Soushiban ↓ 5 g of a 10% aqueous sodium hydroxide solution and a 1% phenolphthalein ethanol solution were evenly applied to 10 g of a 60 μm thick filter paper and dried to obtain an indicator.

This was cut into a size of 5 mm x 50 tm. As shown in FIG.
It was sandwiched between two transparent vinyl chloride resin adhesive tapes 5 having a thickness of 0 μm and a width of 15 fins, and the three were brought into close contact. When the obtained laminate 6 was cut near the end and left in a refrigerator for general household use with the end surface 41 of the indicator 4 exposed as shown in FIG. The red color of phenolphthalein gradually disappeared from the cut end surface 41. The rate was about 21 per month. In this way, indicators that carry a basic substance and change color by absorbing odorous substances such as formic acid, balic acid, and hydrogen sulfide in the refrigerator can also be effectively used.

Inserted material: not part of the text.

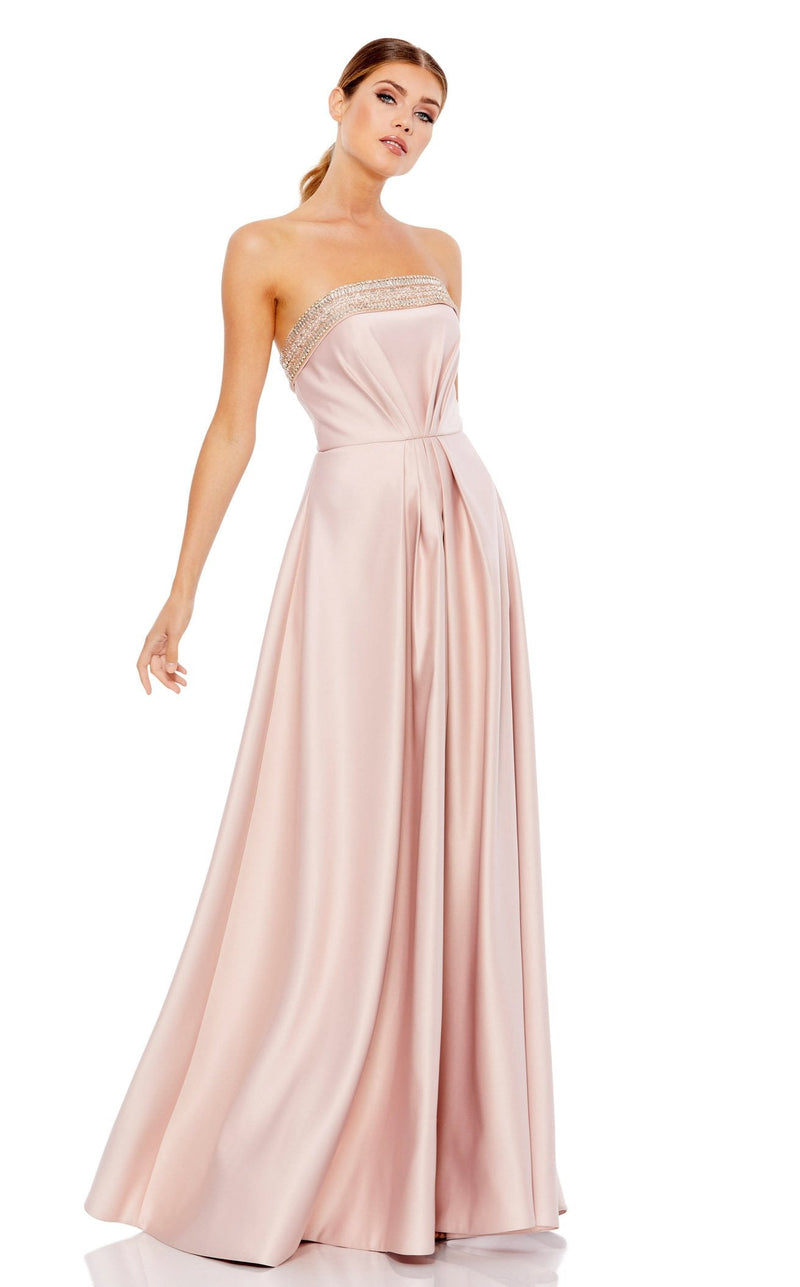 Mac Duggal 25661 Rose/Pink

(Effects of the Invention) According to the present invention, an indicator that accurately indicates the residual deodorizing ability of a deodorizer can be obtained. The indicator does not change over time, regardless of the residual deodorizing ability of the deodorizer, and the temperature of the atmosphere.

It is almost unaffected by humidity and air volume.

Therefore, by combining such an indicator and a deodorizing agent, a deodorizing system that accurately indicates the residual deodorizing ability can be obtained.

[Brief explanation of the drawing]

FIG. 1 is a partially cutaway perspective view showing an example of a deodorizing system using the indicator of the present invention, FIG. 2 is a side view showing an example of a laminate having another indicator of the invention, and FIG. FIG. 2 is a perspective view showing a cross section of the laminate taken along line X-X in the figure. 2.4... Indicator, 3... Deodorizer, 5... Adhesive tape. 21... Discolored area, 41... Indicator cut end surface, 10
0... Deodorizing system. that's all

Claims (1)

[Scope of Claims] 1. An indicator that displays the residual deodorizing ability of a deodorizer by color change, which has an acidic or basic substance and a pH indicator supported on a support. 2. The indicator according to claim 1, wherein the pH indicator changes color due to reaction of the acidic substance or basic substance with a basic or acidic odor substance in the atmosphere. 3. The indicator according to claim 1, wherein the acidic substance or basic substance is nonvolatile. 4. The indicator according to claim 1, wherein the residual capacity of the deodorizer can be known by visually comparing the discolored area and the non-discolored area. 5. An indicator comprising an acidic or basic substance and a pH indicator supported on a support and displaying the residual deodorizing ability of the deodorant by color change; and a deodorizing system containing the deodorizing agent. 6. The deodorizing system according to claim 5, wherein the pH indicator changes color due to reaction of the acidic substance or basic substance with a basic or acidic odor substance in the atmosphere. 7. The deodorizing system according to claim 5, wherein the acidic substance or basic substance is nonvolatile. 8. The deodorizing system according to claim 5, wherein the residual capacity of the deodorizer can be known by visually comparing the discolored area and the undiscolored area.